His company, Berkshire Hathaway, is worth more than a trillion dollars.
And the way he's made all that money is by playing the long game.
When he buys shares of a company, he tends to stay invested.
He once said that his favorite holding period for a stock is forever.
But recently, Buffett, who's 94 years old,
has been getting attention for doing something that's totally out of character.
He's selling stocks and hoarding giant piles of cash.
His cash level is extraordinary today.
That's our colleague Spencer Jacob.
He has built up cash and cash equivalents of $325 billion on the balance sheet of Berkshire
Hathaway.
Wow.
Like, if you were to stack up all these $1 bills, $325 billion, $1 bills, like, does
that get you like close to the moon?
Like, does it?
Can you paper over the entire planet Earth with all this money?
Yeah, I think it gets you if you...
The end to end, I have not done the measurement.

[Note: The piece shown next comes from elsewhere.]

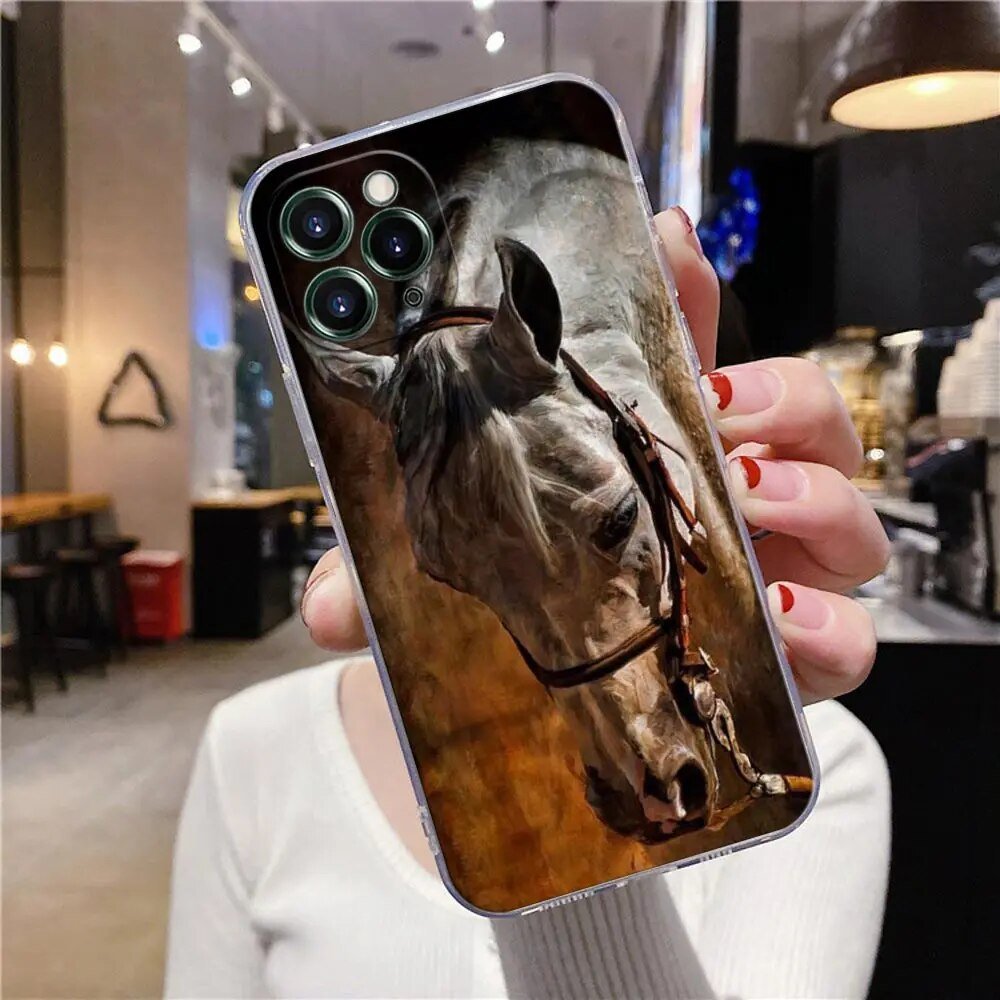 iPhone 15/ Pro/ Pro Max/ Plus - Animal Galloping Horse Girl Drawing Clear Case Silicone Cover 47157360787798|47157360820566|47157360853334|47157360886102 online kaufen günstig bestellen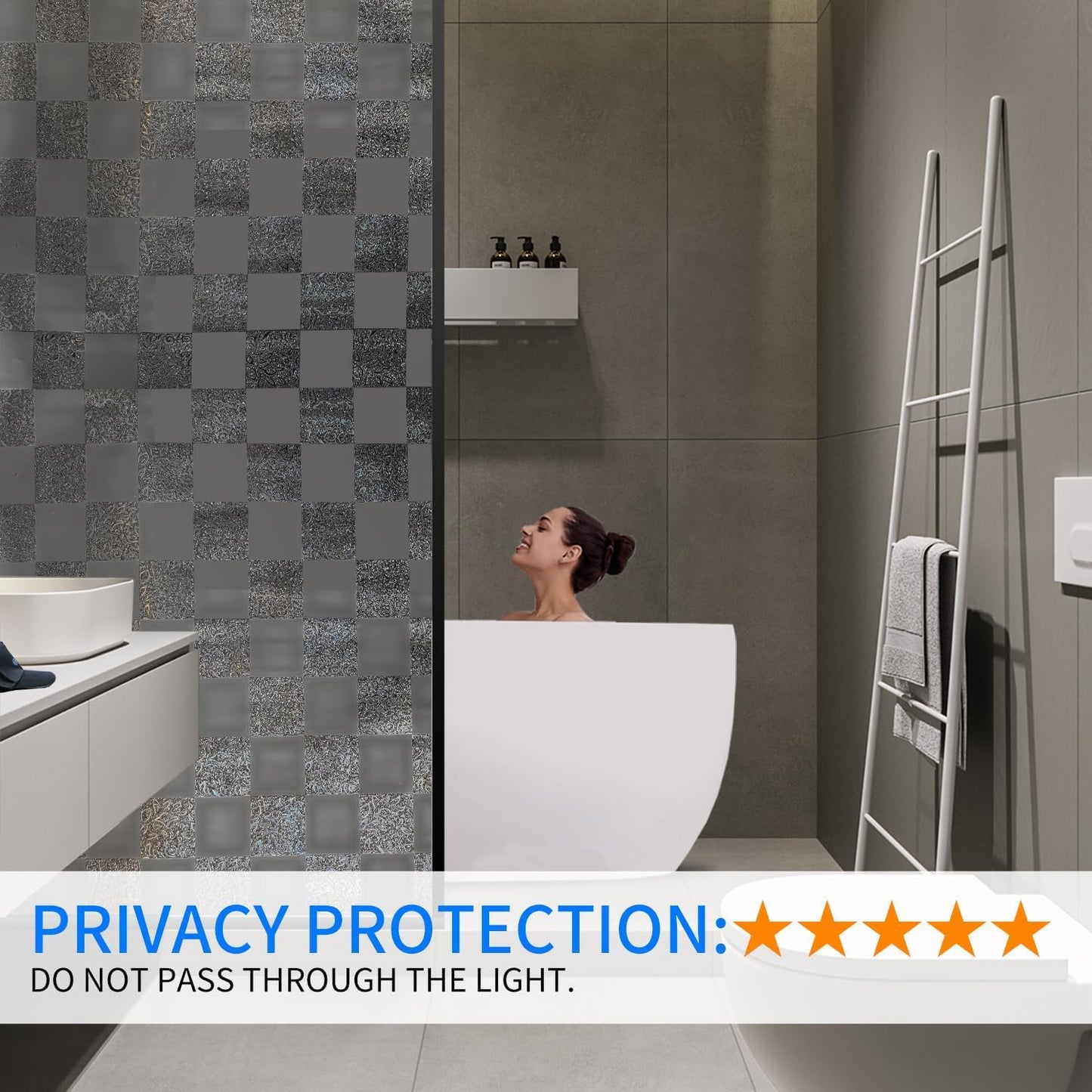 Window Film Privacy Day and Night with Installation Tools, Static Cling Glass Film Ideal for Home Shower Office Glass Door (Black, 35.4 x 196.9 Inch)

I think it gets you to the moon or the sun or something crazy like that.
And I mean, you imagine Warren Buffett sitting in a bunch of money or gold or whatever, or
Scrooge McDuck diving into the water.
Right, diving off a dive board into a swimming pool of coins, which by the way,
you would hurt yourself. It would hurt. You wouldn't dive in.
Yes, do not attempt. Just a disclaimer.
It does not move like water.
Do not attempt at home, kids. But $325 billion, it's a tremendous amount of money. It's enough
to buy all but the 24 or 25 largest US listed companies.
He could buy Boeing and AT&T and have cash left over.
And so it has people scratching their heads.
Scratching their heads.
Because why is the guy who likes to invest forever holding
on to $325 billion in cash?
And that has people very interested and a little bit holding on to $325 billion in cash.
And that has people very interested and a little bit concerned about what he might think about the state of the market and the global economy.
Welcome to The Journal, our show about money, business and power.
I'm Ryan Knudson. It's Wednesday, November 13th.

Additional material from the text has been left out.